Extracted records
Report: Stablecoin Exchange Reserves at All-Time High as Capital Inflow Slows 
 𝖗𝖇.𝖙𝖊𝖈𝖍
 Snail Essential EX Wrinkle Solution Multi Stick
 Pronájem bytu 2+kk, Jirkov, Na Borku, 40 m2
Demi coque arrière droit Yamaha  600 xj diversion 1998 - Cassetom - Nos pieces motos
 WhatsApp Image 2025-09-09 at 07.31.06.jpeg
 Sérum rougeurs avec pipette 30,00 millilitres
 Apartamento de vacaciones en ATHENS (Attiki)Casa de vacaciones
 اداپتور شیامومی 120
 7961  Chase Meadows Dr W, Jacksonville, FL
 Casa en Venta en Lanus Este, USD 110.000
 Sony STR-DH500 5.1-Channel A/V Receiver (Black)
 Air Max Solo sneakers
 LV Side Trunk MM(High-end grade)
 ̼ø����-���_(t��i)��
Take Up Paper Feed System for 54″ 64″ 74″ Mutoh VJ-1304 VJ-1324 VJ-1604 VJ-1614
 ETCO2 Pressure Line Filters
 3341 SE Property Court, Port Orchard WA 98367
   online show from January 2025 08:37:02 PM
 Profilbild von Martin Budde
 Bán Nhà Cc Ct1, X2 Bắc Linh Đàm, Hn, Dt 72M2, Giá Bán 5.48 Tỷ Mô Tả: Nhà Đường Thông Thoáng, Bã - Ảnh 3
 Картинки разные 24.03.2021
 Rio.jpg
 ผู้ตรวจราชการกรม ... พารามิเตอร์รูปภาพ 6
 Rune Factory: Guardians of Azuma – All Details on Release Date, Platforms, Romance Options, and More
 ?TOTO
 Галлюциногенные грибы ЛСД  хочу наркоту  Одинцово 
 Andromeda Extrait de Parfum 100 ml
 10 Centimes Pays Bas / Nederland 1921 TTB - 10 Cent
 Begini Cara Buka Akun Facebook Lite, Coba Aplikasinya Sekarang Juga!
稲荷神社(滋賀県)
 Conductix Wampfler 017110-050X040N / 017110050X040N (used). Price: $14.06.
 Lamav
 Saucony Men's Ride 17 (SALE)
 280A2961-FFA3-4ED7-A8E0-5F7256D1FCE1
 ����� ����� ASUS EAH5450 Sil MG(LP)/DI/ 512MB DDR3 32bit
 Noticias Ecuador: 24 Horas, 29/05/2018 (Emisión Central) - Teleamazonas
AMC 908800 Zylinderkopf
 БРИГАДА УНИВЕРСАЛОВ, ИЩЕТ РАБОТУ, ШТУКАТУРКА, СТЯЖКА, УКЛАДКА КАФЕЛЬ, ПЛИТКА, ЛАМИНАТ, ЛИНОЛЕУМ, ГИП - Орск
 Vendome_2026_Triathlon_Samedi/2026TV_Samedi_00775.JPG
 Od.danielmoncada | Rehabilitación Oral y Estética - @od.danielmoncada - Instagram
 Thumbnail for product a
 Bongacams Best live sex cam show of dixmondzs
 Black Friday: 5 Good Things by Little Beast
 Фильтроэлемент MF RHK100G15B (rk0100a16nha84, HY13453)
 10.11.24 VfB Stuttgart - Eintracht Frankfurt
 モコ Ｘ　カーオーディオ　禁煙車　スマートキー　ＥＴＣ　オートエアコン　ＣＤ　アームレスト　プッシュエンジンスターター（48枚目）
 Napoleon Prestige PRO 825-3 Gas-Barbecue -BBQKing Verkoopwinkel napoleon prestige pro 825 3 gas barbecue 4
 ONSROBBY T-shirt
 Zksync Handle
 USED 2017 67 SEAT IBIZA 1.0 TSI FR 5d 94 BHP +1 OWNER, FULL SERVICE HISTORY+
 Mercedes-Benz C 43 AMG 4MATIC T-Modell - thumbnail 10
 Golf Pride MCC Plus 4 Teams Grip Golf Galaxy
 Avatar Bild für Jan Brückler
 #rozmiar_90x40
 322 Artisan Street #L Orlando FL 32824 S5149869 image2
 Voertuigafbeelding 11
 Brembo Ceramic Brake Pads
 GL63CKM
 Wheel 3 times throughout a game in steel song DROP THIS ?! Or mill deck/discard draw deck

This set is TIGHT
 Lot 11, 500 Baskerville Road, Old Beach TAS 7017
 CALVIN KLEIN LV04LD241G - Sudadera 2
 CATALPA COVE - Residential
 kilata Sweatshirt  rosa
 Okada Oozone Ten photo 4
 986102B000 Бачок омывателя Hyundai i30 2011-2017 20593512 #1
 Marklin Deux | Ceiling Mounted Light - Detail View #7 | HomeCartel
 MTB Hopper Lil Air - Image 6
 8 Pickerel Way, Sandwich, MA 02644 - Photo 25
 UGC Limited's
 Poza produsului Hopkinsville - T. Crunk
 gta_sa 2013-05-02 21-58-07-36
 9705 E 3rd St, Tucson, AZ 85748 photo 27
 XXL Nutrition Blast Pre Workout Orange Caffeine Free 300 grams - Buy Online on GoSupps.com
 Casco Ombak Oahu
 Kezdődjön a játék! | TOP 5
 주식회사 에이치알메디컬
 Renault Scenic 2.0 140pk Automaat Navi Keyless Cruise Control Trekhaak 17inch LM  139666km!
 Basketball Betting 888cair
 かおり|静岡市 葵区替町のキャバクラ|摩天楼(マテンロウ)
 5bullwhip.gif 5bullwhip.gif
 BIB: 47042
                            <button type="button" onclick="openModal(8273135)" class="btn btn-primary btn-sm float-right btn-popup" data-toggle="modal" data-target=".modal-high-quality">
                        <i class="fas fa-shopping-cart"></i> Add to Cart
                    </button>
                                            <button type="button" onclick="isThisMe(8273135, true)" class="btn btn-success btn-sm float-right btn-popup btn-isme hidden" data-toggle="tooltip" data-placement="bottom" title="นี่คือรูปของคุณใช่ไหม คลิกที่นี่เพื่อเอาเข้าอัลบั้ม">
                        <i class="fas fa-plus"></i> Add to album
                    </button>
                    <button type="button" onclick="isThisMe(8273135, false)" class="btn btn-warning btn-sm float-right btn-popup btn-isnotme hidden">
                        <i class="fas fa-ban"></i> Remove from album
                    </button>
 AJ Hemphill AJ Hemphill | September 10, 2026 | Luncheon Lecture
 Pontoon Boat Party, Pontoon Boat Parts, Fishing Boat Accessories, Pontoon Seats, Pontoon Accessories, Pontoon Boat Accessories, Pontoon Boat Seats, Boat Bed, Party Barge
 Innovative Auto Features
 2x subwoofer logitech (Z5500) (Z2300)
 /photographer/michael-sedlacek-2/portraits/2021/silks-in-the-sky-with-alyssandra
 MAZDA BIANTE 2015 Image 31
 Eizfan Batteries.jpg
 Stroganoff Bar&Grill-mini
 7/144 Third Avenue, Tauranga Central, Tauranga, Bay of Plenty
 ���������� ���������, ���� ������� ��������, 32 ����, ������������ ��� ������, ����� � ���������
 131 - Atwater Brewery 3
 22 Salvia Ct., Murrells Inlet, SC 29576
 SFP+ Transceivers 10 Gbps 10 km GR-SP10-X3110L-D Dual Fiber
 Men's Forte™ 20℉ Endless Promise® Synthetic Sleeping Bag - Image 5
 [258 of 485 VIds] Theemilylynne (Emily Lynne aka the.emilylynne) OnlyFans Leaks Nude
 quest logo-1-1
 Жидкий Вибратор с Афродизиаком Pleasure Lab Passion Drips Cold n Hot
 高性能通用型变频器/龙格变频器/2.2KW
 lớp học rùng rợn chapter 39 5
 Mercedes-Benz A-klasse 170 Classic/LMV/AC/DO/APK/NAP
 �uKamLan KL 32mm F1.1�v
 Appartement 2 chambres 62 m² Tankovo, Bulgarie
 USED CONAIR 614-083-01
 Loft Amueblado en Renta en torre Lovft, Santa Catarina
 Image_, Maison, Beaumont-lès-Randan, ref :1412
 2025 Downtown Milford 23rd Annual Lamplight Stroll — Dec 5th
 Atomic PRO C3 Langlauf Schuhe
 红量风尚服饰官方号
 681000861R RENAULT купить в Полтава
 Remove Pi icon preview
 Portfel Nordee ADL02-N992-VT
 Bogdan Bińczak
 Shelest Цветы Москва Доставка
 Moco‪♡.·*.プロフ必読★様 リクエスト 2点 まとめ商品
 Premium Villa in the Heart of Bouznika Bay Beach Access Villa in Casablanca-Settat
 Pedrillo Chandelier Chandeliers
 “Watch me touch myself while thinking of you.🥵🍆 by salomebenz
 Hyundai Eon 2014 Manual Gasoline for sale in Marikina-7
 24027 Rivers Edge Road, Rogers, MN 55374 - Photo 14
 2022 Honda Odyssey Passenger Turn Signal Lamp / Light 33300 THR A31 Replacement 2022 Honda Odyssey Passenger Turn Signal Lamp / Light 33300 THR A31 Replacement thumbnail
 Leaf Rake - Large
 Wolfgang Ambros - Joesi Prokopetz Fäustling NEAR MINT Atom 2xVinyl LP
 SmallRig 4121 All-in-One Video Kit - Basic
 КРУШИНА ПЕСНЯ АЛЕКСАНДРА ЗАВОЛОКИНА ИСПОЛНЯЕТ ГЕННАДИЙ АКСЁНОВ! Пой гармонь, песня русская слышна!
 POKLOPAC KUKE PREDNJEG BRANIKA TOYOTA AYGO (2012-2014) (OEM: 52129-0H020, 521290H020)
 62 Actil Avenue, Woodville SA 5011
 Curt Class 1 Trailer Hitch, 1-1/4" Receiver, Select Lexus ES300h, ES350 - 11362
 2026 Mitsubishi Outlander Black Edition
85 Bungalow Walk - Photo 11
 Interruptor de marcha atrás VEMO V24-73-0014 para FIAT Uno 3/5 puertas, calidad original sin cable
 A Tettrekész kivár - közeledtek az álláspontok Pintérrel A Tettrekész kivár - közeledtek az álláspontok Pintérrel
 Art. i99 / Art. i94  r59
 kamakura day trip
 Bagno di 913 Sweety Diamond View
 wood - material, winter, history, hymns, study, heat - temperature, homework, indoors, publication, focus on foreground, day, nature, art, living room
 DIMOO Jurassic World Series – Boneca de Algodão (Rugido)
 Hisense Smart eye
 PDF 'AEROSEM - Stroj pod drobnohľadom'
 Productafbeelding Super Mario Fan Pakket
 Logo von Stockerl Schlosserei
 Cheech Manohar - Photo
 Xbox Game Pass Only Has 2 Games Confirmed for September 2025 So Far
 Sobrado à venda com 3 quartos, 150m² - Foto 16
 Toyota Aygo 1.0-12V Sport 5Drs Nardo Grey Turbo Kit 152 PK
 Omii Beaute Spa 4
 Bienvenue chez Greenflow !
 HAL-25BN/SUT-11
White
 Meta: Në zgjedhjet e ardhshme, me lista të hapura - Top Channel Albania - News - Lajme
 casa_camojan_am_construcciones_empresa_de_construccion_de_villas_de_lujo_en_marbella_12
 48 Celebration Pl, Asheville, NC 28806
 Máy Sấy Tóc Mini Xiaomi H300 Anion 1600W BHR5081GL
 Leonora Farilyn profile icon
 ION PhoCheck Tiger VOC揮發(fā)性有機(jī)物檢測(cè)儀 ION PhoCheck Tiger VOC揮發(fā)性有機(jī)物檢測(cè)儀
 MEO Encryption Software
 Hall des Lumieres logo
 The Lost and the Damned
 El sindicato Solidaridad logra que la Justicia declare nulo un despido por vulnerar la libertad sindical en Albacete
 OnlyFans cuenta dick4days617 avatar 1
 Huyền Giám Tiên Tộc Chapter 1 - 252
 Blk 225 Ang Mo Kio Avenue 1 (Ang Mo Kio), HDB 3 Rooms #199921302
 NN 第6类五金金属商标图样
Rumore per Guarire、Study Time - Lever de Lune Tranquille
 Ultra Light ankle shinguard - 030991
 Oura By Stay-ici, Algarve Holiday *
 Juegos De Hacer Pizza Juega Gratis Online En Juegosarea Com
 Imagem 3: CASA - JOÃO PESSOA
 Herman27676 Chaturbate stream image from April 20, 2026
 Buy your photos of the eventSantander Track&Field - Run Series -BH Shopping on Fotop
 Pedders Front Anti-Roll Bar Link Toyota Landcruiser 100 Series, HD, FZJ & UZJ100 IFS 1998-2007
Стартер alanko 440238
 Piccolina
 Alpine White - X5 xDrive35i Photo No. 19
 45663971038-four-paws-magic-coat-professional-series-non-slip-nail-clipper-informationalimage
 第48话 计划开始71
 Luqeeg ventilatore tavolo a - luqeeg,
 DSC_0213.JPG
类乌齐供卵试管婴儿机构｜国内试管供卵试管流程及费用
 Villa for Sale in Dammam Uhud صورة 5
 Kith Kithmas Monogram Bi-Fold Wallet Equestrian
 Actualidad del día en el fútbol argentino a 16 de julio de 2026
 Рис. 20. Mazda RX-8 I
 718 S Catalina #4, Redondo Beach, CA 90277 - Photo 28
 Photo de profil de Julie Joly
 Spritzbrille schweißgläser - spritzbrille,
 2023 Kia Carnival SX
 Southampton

Task directions: Give back precisely the lines above that start at the line containing "you.🥵🍆 by salomebenz" and end at the line containing "The Lost and the Damned", inclusive. No other lines belong in the output.

Answer for the task:
 “Watch me touch myself while thinking of you.🥵🍆 by salomebenz
 Hyundai Eon 2014 Manual Gasoline for sale in Marikina-7
 24027 Rivers Edge Road, Rogers, MN 55374 - Photo 14
 2022 Honda Odyssey Passenger Turn Signal Lamp / Light 33300 THR A31 Replacement 2022 Honda Odyssey Passenger Turn Signal Lamp / Light 33300 THR A31 Replacement thumbnail
 Leaf Rake - Large
 Wolfgang Ambros - Joesi Prokopetz Fäustling NEAR MINT Atom 2xVinyl LP
 SmallRig 4121 All-in-One Video Kit - Basic
 КРУШИНА ПЕСНЯ АЛЕКСАНДРА ЗАВОЛОКИНА ИСПОЛНЯЕТ ГЕННАДИЙ АКСЁНОВ! Пой гармонь, песня русская слышна!
 POKLOPAC KUKE PREDNJEG BRANIKA TOYOTA AYGO (2012-2014) (OEM: 52129-0H020, 521290H020)
 62 Actil Avenue, Woodville SA 5011
 Curt Class 1 Trailer Hitch, 1-1/4" Receiver, Select Lexus ES300h, ES350 - 11362
 2026 Mitsubishi Outlander Black Edition
85 Bungalow Walk - Photo 11
 Interruptor de marcha atrás VEMO V24-73-0014 para FIAT Uno 3/5 puertas, calidad original sin cable
 A Tettrekész kivár - közeledtek az álláspontok Pintérrel A Tettrekész kivár - közeledtek az álláspontok Pintérrel
 Art. i99 / Art. i94  r59
 kamakura day trip
 Bagno di 913 Sweety Diamond View
 wood - material, winter, history, hymns, study, heat - temperature, homework, indoors, publication, focus on foreground, day, nature, art, living room
 DIMOO Jurassic World Series – Boneca de Algodão (Rugido)
 Hisense Smart eye
 PDF 'AEROSEM - Stroj pod drobnohľadom'
 Productafbeelding Super Mario Fan Pakket
 Logo von Stockerl Schlosserei
 Cheech Manohar - Photo
 Xbox Game Pass Only Has 2 Games Confirmed for September 2025 So Far
 Sobrado à venda com 3 quartos, 150m² - Foto 16
 Toyota Aygo 1.0-12V Sport 5Drs Nardo Grey Turbo Kit 152 PK
 Omii Beaute Spa 4
 Bienvenue chez Greenflow !
 HAL-25BN/SUT-11
White
 Meta: Në zgjedhjet e ardhshme, me lista të hapura - Top Channel Albania - News - Lajme
 casa_camojan_am_construcciones_empresa_de_construccion_de_villas_de_lujo_en_marbella_12
 48 Celebration Pl, Asheville, NC 28806
 Máy Sấy Tóc Mini Xiaomi H300 Anion 1600W BHR5081GL
 Leonora Farilyn profile icon
 ION PhoCheck Tiger VOC揮發(fā)性有機(jī)物檢測(cè)儀 ION PhoCheck Tiger VOC揮發(fā)性有機(jī)物檢測(cè)儀
 MEO Encryption Software
 Hall des Lumieres logo
 The Lost and the Damned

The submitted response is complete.